EXERCISE INPUT =

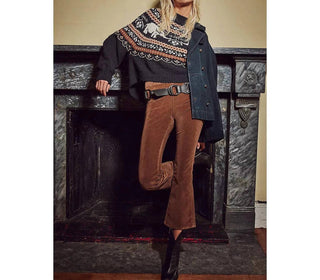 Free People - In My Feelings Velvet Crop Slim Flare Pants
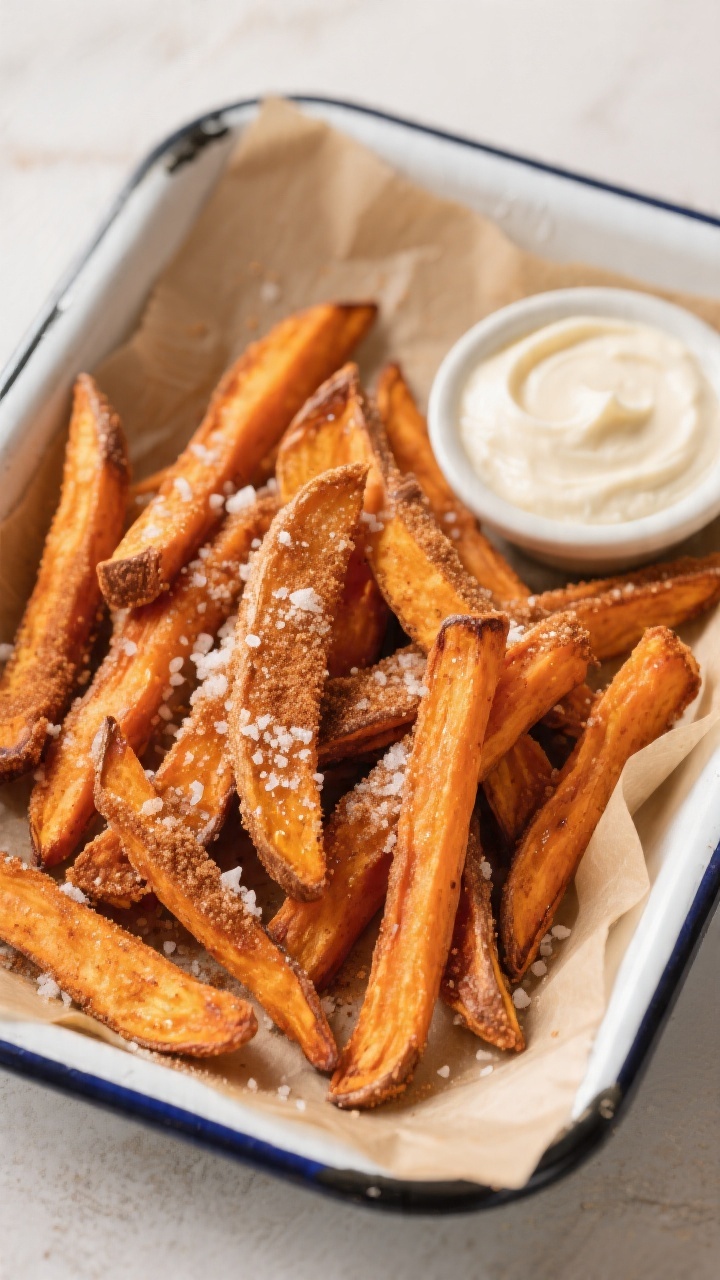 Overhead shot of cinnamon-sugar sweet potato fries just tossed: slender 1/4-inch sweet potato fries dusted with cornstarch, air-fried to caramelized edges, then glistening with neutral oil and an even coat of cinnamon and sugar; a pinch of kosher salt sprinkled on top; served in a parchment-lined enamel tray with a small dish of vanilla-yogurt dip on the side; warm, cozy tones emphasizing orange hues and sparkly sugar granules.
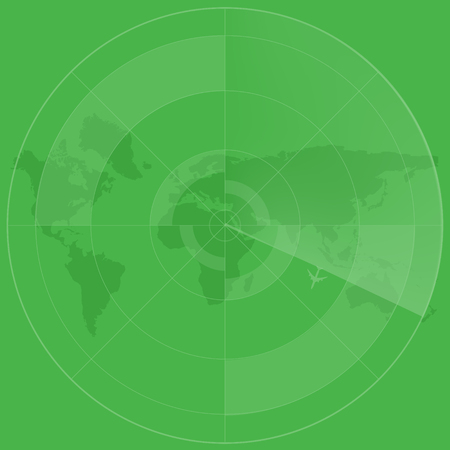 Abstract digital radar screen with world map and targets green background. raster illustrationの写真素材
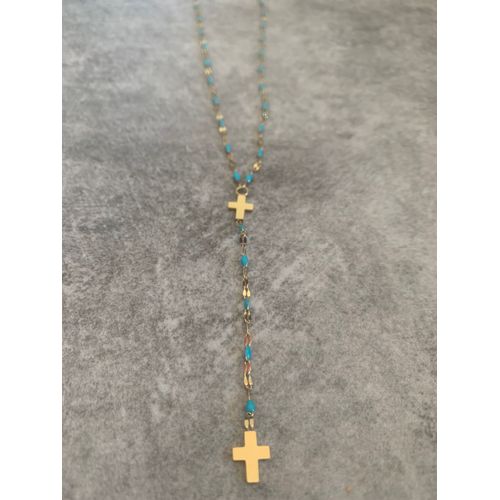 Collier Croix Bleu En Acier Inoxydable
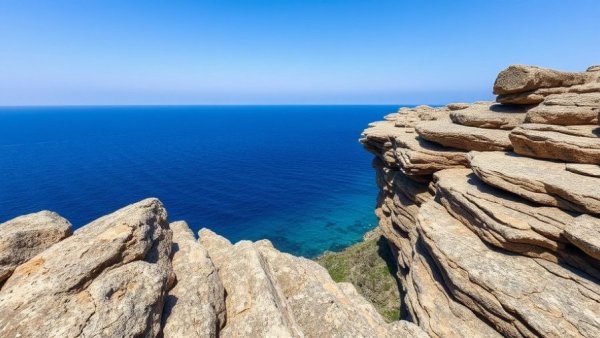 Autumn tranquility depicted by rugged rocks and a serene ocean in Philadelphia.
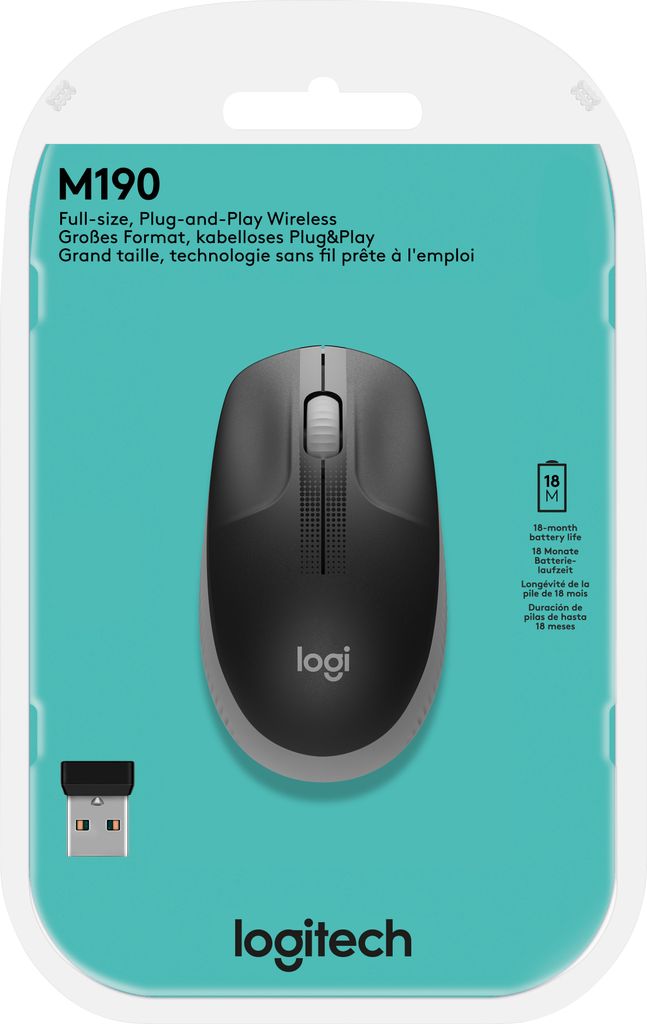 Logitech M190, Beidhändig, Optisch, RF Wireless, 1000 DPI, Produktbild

TASK BRIEF = Output a faithful copy of the data, with each picture left out.

RESPONSE =
 Free People - In My Feelings Velvet Crop Slim Flare Pants
 Overhead shot of cinnamon-sugar sweet potato fries just tossed: slender 1/4-inch sweet potato fries dusted with cornstarch, air-fried to caramelized edges, then glistening with neutral oil and an even coat of cinnamon and sugar; a pinch of kosher salt sprinkled on top; served in a parchment-lined enamel tray with a small dish of vanilla-yogurt dip on the side; warm, cozy tones emphasizing orange hues and sparkly sugar granules.
 Abstract digital radar screen with world map and targets green background. raster illustrationの写真素材
 Collier Croix Bleu En Acier Inoxydable
 Autumn tranquility depicted by rugged rocks and a serene ocean in Philadelphia.
 Logitech M190, Beidhändig, Optisch, RF Wireless, 1000 DPI, Produktbild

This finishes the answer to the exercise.